Doh! Looks like I gave you the wrong bit of text to translate above :-( That was the next paragraph that was already translated. This was the paragraph I actually wanted translated:

We recognize that some of the color choices for our visualizations do not meet WCAG color contrast requirements. We make a conscious effort to use the more contrasting colors and labels to reduce the impact of this. We hope the detailed descriptions, as well as access to the underlying data itself can help with this issue. We aim to improve the accessibility of our visualization color schemes in future years.

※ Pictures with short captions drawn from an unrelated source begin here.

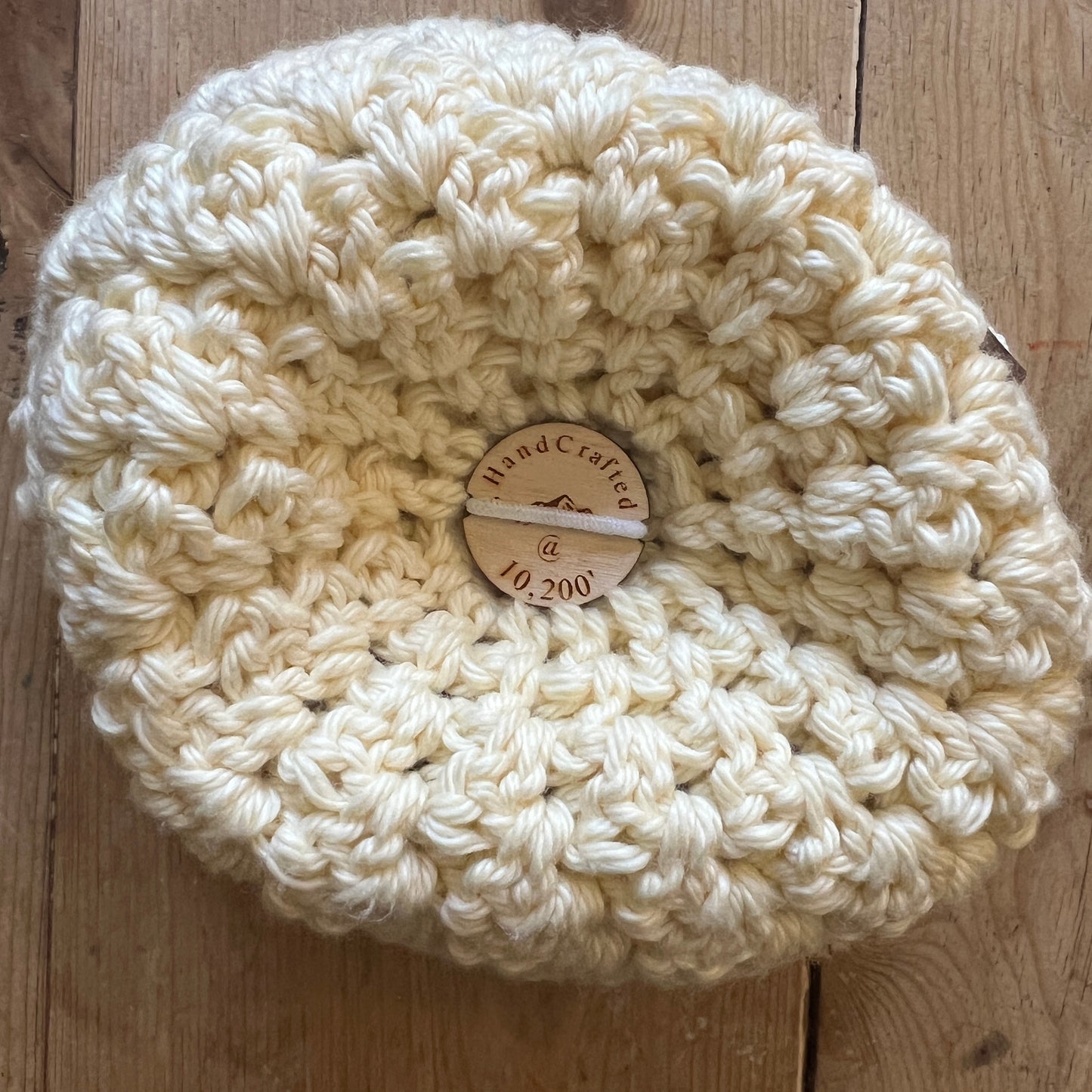 KIDS-Cream Crocheted Beanie, Medium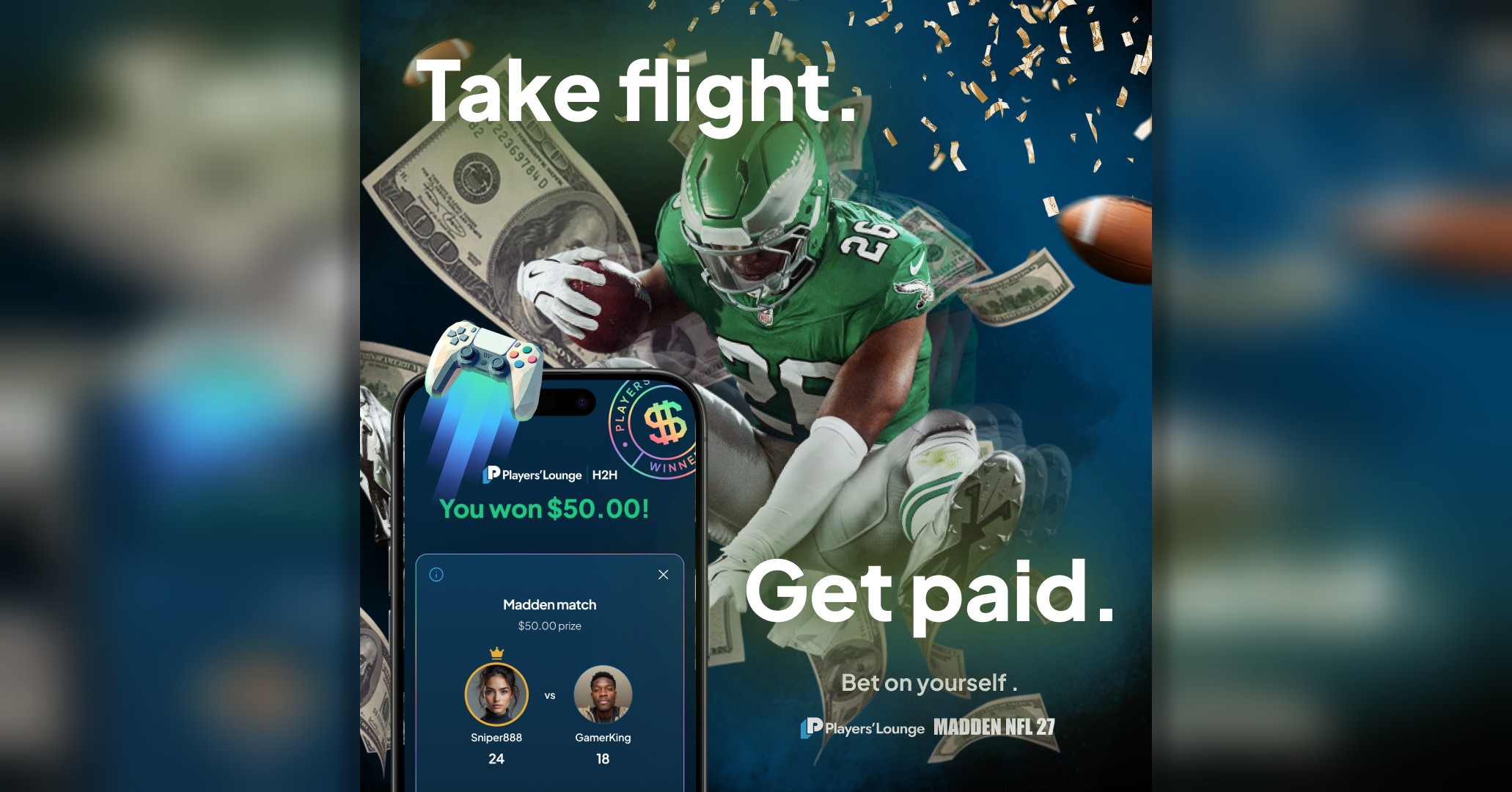 Players' Lounge Facebook ad: 100% first deposit match!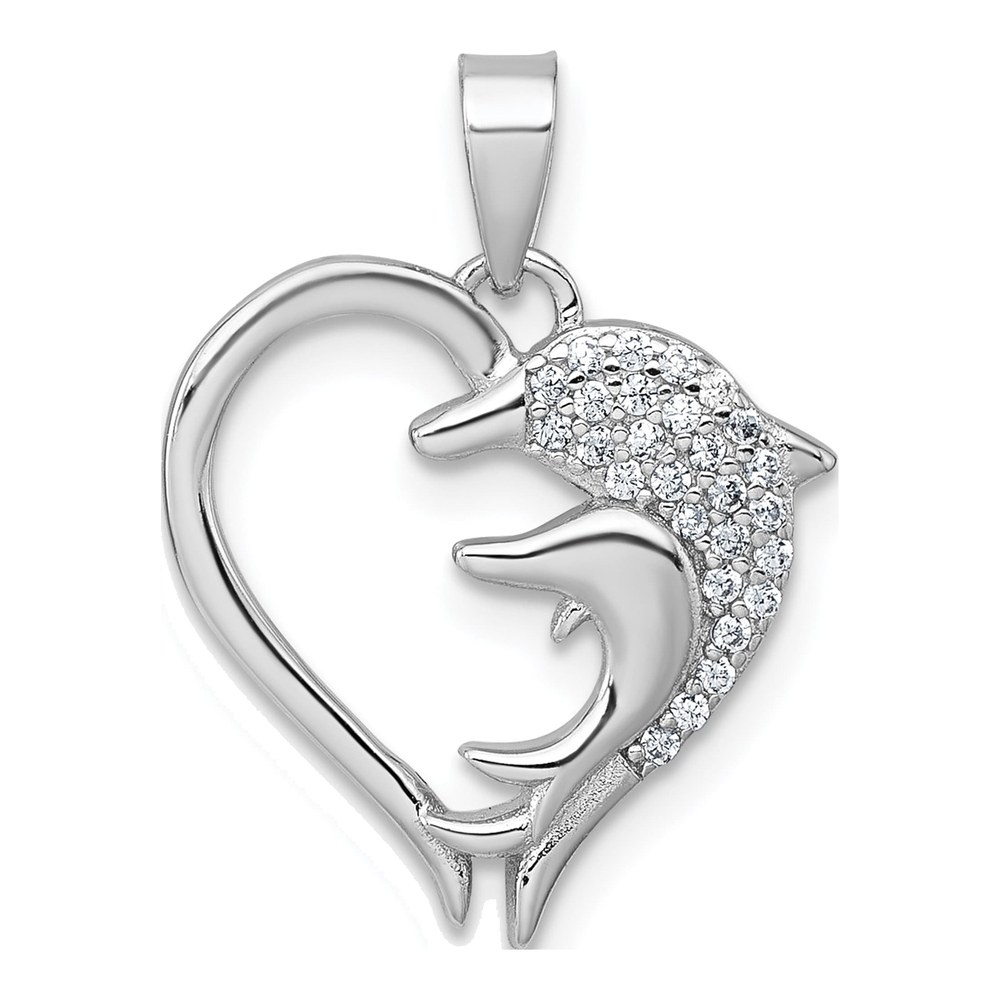 Sterling Silver Rhodium-Plated Polished Cz Dolphins Heart Pendant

VictorLeP commented 2 years ago

We erkennen dat sommige keuzes voor kleuren in onze visualisaties niet voldoen aan de kleurcontrastvereisten van de WCAG. We doen een bewuste inspanning om de meer contrasterende kleuren en opschriften te gebruiken om de impact hiervan te verminderen. We hopen dat de gedetailleerde beschrijvingen alsook toegang tot de onderliggende gegevens zelf kunnen helpen met dit probleem. We streven ernaar de toegankelijkheid van de kleurschema's in onze visualisaties de komende jaren te verbeteren.

tunetheweb commented 2 years ago

Bedankt @VictorLeP ! Zeer gewaardeerd.

VictorLeP commented 2 years ago

Will also take a stab at translating this year's Privacy chapter (since @noah-vdv is busy).